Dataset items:
-------

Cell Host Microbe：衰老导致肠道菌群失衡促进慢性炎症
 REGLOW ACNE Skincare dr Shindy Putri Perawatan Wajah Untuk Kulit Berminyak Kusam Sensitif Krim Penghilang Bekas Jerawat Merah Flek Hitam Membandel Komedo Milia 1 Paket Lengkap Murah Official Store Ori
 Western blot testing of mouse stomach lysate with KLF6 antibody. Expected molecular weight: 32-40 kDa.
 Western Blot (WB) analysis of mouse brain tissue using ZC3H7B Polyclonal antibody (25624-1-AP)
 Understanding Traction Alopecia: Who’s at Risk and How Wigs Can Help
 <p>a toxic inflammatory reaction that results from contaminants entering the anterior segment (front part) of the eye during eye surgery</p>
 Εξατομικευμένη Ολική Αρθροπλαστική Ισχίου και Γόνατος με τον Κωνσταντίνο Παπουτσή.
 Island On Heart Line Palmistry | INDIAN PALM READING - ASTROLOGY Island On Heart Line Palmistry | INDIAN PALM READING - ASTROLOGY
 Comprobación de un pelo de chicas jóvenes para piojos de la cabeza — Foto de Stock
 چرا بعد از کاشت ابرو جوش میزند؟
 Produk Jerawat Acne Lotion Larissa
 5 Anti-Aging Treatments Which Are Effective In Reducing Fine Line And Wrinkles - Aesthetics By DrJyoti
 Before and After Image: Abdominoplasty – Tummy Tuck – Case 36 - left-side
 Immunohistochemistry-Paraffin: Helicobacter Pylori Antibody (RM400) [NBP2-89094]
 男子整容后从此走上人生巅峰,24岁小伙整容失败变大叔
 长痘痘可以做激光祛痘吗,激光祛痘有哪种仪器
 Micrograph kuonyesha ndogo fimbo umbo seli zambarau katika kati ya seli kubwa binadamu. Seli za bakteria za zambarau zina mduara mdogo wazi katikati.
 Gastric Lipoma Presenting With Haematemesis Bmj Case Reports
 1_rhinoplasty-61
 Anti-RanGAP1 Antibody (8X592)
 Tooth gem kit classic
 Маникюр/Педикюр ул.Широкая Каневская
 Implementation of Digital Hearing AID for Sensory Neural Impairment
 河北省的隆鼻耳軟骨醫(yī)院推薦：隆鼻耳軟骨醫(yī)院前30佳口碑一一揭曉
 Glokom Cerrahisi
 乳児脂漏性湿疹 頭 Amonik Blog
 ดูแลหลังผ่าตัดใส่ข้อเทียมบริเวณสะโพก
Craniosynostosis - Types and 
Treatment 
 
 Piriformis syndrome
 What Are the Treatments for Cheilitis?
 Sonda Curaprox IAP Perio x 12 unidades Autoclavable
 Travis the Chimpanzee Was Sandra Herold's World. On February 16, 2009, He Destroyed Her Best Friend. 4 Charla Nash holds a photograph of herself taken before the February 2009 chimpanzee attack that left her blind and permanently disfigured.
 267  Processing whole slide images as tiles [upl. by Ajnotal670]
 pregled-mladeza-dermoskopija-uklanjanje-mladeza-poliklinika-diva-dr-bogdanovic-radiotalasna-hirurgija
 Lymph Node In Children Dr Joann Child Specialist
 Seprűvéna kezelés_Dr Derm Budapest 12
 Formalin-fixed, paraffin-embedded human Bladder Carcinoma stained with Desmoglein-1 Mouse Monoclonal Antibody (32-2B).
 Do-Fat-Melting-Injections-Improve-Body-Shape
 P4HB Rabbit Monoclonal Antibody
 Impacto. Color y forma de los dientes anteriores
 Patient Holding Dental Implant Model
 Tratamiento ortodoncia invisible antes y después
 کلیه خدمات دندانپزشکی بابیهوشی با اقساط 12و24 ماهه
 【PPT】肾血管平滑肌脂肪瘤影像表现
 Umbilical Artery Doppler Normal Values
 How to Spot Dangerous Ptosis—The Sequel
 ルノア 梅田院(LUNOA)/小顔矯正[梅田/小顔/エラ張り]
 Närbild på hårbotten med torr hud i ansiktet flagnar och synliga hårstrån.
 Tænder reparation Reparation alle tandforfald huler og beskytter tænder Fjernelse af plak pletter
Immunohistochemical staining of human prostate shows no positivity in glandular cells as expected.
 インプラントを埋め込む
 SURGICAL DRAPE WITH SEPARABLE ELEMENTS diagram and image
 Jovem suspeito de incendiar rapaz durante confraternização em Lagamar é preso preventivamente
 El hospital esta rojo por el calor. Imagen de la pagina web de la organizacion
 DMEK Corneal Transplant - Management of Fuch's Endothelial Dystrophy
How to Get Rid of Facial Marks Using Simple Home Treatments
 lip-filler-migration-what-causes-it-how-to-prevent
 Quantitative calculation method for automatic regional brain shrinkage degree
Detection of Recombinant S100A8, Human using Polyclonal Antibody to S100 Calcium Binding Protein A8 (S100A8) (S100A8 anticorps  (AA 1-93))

-------

TASK DETAILS
Output each line exactly, from the first line of the data down to the line that contains "Travis the Chimpanzee", both included.

EXERCISE RESULT
Cell Host Microbe：衰老导致肠道菌群失衡促进慢性炎症
 REGLOW ACNE Skincare dr Shindy Putri Perawatan Wajah Untuk Kulit Berminyak Kusam Sensitif Krim Penghilang Bekas Jerawat Merah Flek Hitam Membandel Komedo Milia 1 Paket Lengkap Murah Official Store Ori
 Western blot testing of mouse stomach lysate with KLF6 antibody. Expected molecular weight: 32-40 kDa.
 Western Blot (WB) analysis of mouse brain tissue using ZC3H7B Polyclonal antibody (25624-1-AP)
 Understanding Traction Alopecia: Who’s at Risk and How Wigs Can Help
 <p>a toxic inflammatory reaction that results from contaminants entering the anterior segment (front part) of the eye during eye surgery</p>
 Εξατομικευμένη Ολική Αρθροπλαστική Ισχίου και Γόνατος με τον Κωνσταντίνο Παπουτσή.
 Island On Heart Line Palmistry | INDIAN PALM READING - ASTROLOGY Island On Heart Line Palmistry | INDIAN PALM READING - ASTROLOGY
 Comprobación de un pelo de chicas jóvenes para piojos de la cabeza — Foto de Stock
 چرا بعد از کاشت ابرو جوش میزند؟
 Produk Jerawat Acne Lotion Larissa
 5 Anti-Aging Treatments Which Are Effective In Reducing Fine Line And Wrinkles - Aesthetics By DrJyoti
 Before and After Image: Abdominoplasty – Tummy Tuck – Case 36 - left-side
 Immunohistochemistry-Paraffin: Helicobacter Pylori Antibody (RM400) [NBP2-89094]
 男子整容后从此走上人生巅峰,24岁小伙整容失败变大叔
 长痘痘可以做激光祛痘吗,激光祛痘有哪种仪器
 Micrograph kuonyesha ndogo fimbo umbo seli zambarau katika kati ya seli kubwa binadamu. Seli za bakteria za zambarau zina mduara mdogo wazi katikati.
 Gastric Lipoma Presenting With Haematemesis Bmj Case Reports
 1_rhinoplasty-61
 Anti-RanGAP1 Antibody (8X592)
 Tooth gem kit classic
 Маникюр/Педикюр ул.Широкая Каневская
 Implementation of Digital Hearing AID for Sensory Neural Impairment
 河北省的隆鼻耳軟骨醫(yī)院推薦：隆鼻耳軟骨醫(yī)院前30佳口碑一一揭曉
 Glokom Cerrahisi
 乳児脂漏性湿疹 頭 Amonik Blog
 ดูแลหลังผ่าตัดใส่ข้อเทียมบริเวณสะโพก
Craniosynostosis - Types and 
Treatment 
 
 Piriformis syndrome
 What Are the Treatments for Cheilitis?
 Sonda Curaprox IAP Perio x 12 unidades Autoclavable
 Travis the Chimpanzee Was Sandra Herold's World. On February 16, 2009, He Destroyed Her Best Friend. 4 Charla Nash holds a photograph of herself taken before the February 2009 chimpanzee attack that left her blind and permanently disfigured.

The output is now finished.